Your instructions:
Write out each line of the listing as it stands, without the images.

Material provided:
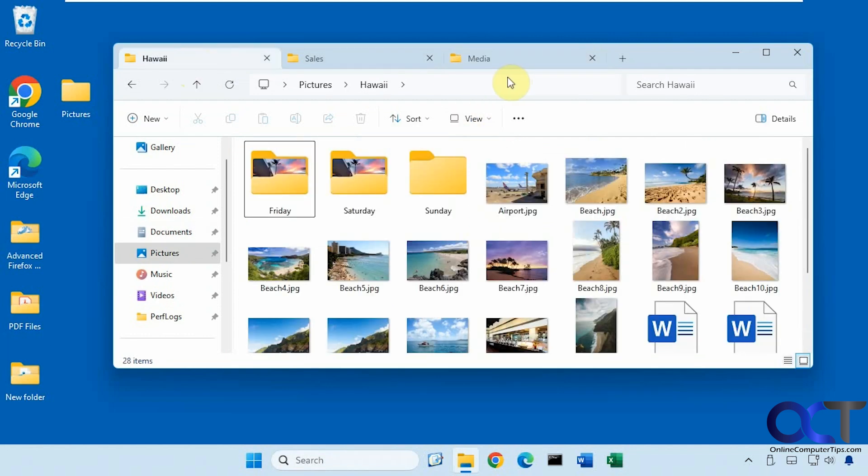Let's say you want to change these to show the full path to whatever folder you have open rather than just the final folder. It's really easy to do.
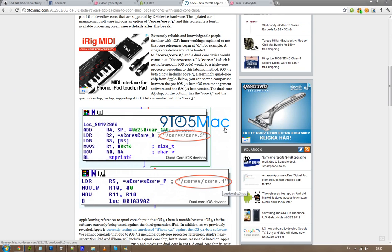But now in iOS 5.1, it's probably being tested on the iPad 3 right now, then we can see that it now says core.3, so we're probably going to see a quad core iPad 3 and a quad core iPhone 5 this year.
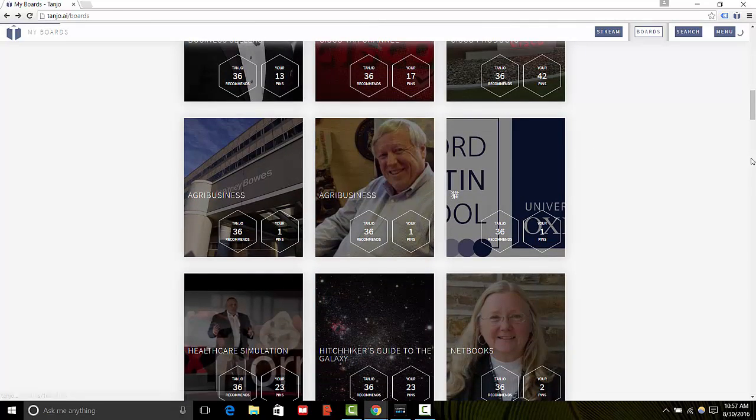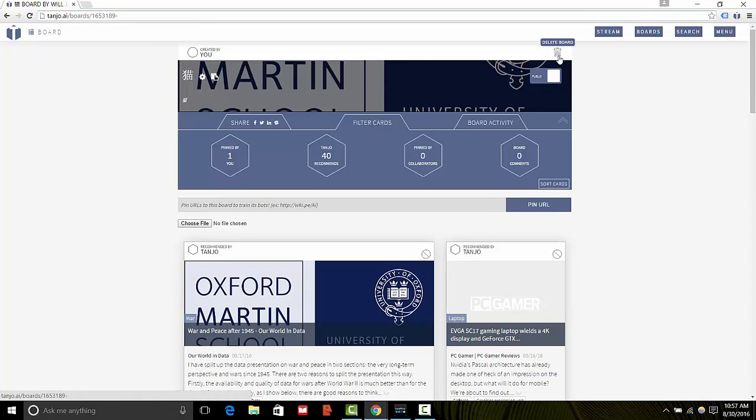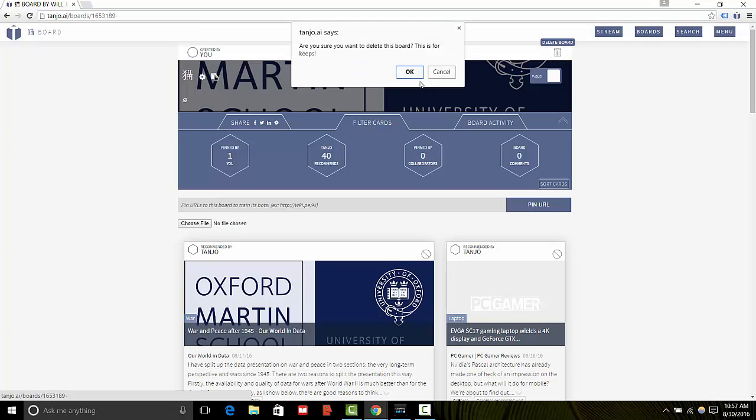Here I've got my Chinese cat board, I don't want that anymore. I'm going to go over here to delete board in the top right hand corner, click that.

Answer to the exercise:
Let's say you want to change these to show the full path to whatever folder you have open rather than just the final folder. It's really easy to do.
But now in iOS 5.1, it's probably being tested on the iPad 3 right now, then we can see that it now says core.3, so we're probably going to see a quad core iPad 3 and a quad core iPhone 5 this year.
Here I've got my Chinese cat board, I don't want that anymore. I'm going to go over here to delete board in the top right hand corner, click that.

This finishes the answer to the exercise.